On Wed, Mar 19, 2008 at 01:50:27PM +0000, Richard W.M. Jones wrote:
On Wed, Mar 19, 2008 at 01:25:33PM +0000, Daniel P. Berrange wrote:
On Wed, Mar 19, 2008 at 01:11:18PM +0000, Richard W.M. Jones wrote:
On Wed, Mar 19, 2008 at 02:08:44PM +0100, Jim Meyering wrote:
I had a few in-progress changes from a week or two ago, and am clearing the decks.
I added a new build-checking rule (coming separately) and it exposed an unnecessary include:
+1
So we have a way to find header files which are unused?

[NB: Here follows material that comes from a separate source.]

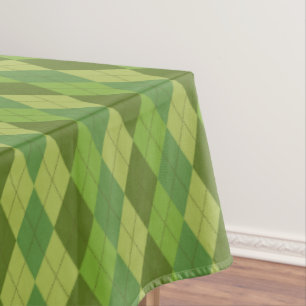 Plaid Design Green Tones Tablecloth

No - this is impossible unless you have a copy of every OS we've ever tested on. It may be unused on Linux, but may be needed on Solaris, etc etc. Removing <getopt.h> is an obviously safe action, but in general we should be wary of removing supposedly unused heads.
Surely we can do it for POSIX calls?
Of course the OS / libc itself may not obey POSIX ...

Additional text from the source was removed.